• [Work request] Output the full listing below exactly, without the pictures.

[Supplied data]

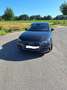 Audi A4 Avant 40 TDI S tronic quattro design - thumbnail 5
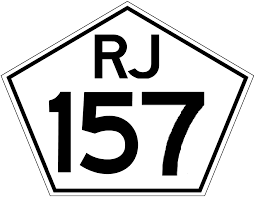 File:RJ-157.PNG - Wikimedia Commons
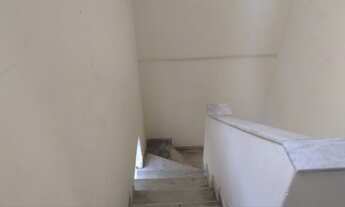 Imagem 2: Tijuca Casa de Vila Junto Shopping Tijuca 500mil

[/Supplied data]

• [Finished task]
 Audi A4 Avant 40 TDI S tronic quattro design - thumbnail 5
 File:RJ-157.PNG - Wikimedia Commons
 Imagem 2: Tijuca Casa de Vila Junto Shopping Tijuca 500mil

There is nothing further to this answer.